The idea is to have ML model running in user-space and kernel subsystem can
interact with ML model in user-space. As the next step, I am considering two
real-life use-cases: (1) GC subsystem of LFS file system, (2) ML-based DAMON
approach. So, for example, GC can be represented by ML model in user-space. GC
can request data (segments state) from kernel-space and ML model in user-space
can do training or/and inference. As a result, ML model in user-space can select
victim segments and instruct kernel-space logic of moving valid data from victim
segment(s) into clean/current one(s).
>
> > What is the goal of using ML models in Linux kernel? The main goal is
> > to employ ML models for elaboration of a logic of particular Linux kernel
> > subsystem based on processing data or/and an efficient subsystem
> > configuration based on internal state of subsystem.

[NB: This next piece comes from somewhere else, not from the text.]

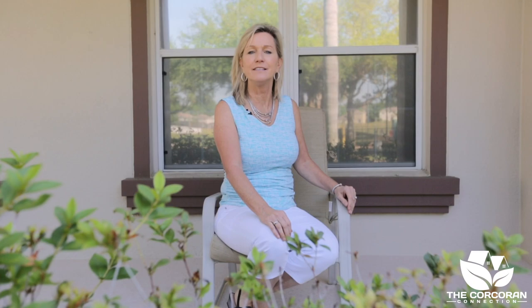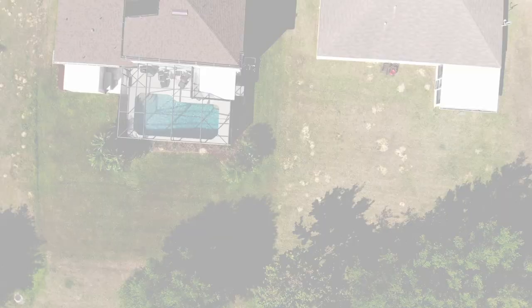Thanks so much for visiting our listing. For other great listings in the Central Florida area, please call us at 407-953-9118 or visit us online at thecorcoranconnection.com.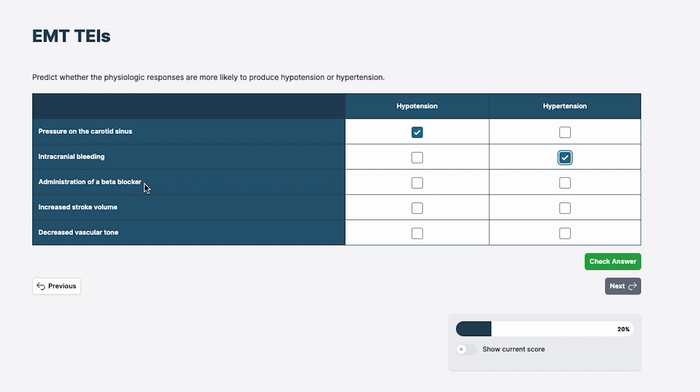Administration of a beta blocker. If you know beta blockers can be used to treat hypertension, you may correctly go for hypotension. A beta blocker slows the heart, which reduces the cardiac output. Cardiac output is a component of blood pressure, so that will hopefully get you to the correct answer: hypotension.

As a result, it needs:
> > (1) collect data for training, (2) execute ML model training phase,
> > (3) test trained ML model, (4) use ML model for executing the inference phase.
>
> As far as I can tell, a lot of those don't need to be in the kernel's
> business. It is more of a GPU/TPU driver user space interface thing,
> might be easier to allow the driver to convert their own kernel/user
> space API then expose common user space library API. Are you trying to
> define something like Nvidia CUDA at the kernel level?
>
> > The ML model inference can be used for recommendation of Linux kernel
> > subsystem configuration or/and for injecting a synthesized subsystem logic
> > into kernel space (for example, eBPF logic).
>
> That again sounds very much like a userspace issue, the above 1) usage case.
>
> > How ML infrastructure can be designed in Linux kernel? It needs to introduce
> > in Linux kernel a special ML library that can implement a generalized
> > interface of interaction between ML model’s thread in user-space and kernel
> > subsystem. Likewise interface requires to have the means:
> > (1) create/initialize/destroy ML model proxy in kernel subsystem,
> > (2) start/stop ML model proxy, (3) get/preprocess/publish data sets
> > from kernel space, (4) receive/preprocess/apply ML model recommendation(s)

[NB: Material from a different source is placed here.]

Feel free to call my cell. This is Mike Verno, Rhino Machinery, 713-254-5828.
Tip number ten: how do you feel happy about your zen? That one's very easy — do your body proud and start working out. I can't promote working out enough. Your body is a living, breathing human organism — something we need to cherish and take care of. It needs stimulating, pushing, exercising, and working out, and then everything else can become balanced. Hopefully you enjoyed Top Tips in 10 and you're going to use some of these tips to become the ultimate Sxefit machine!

> > from user-space, (5) execute synthesized logic/recommendations in kernel-space,
> > (6) estimate efficiency of synthesized logic/recommendations,
> > (7) execute error back-propagation with the goal of correction ML model
> > on user-space side.
>
> Unfortunately a lot of those will be tight to the internal
> implementation of the GPU/TPU. The model needs to be compiled into
> GPU/TPU machine instructions. So forcing a common interface will be
> hard because the lower interface requirement might be very different.
> Maybe having some common user space library or ML description language
> is better than forcing a kernel interface.
>
> > The create and initialize logic can be executed by kernel subsystem during
> > module load or Linux kernel start (oppositely, module unload or kernel
> > shutdown will execute destroy of ML model proxy logic). ML model thread
> > in user-space will be capable to re-initialize and to execute
> > the start/stop logic of ML model proxy on kernel side. First of all,
> > ML model needs to be trained by data from kernel space. The data can be
> > requested by ML model from user-space or data can be published by ML model
> > proxy from kernel-space. The sysfs interface can be used to orchestrate
> > this interaction. As a result, ML model in user-space should be capable
> > to extract data set(s) from kernel space through sysfs, FUSE or character
> > device. Extracted data can be stored in persistent storage and, finally,
> > ML model can be trained in user-space by accessing these data.
>
> Currently a lot of those are happening in the GPU/TPU drivers and user
> space library. One challenging aspect is the hardware interface is
> very different between GPUs/TPUs, and might be challenging to expose
> common interfaces.
>
> > The continuous learning model can be adopted during training phase.
> > It implies that kernel subsystem can receive ML model recommendations
> > even during training phase. ML model proxy on kernel side can estimate
> > the current kernel subsystem state, tries to apply the ML model
> > recommendations, and estimate the efficiency of applied recommendations.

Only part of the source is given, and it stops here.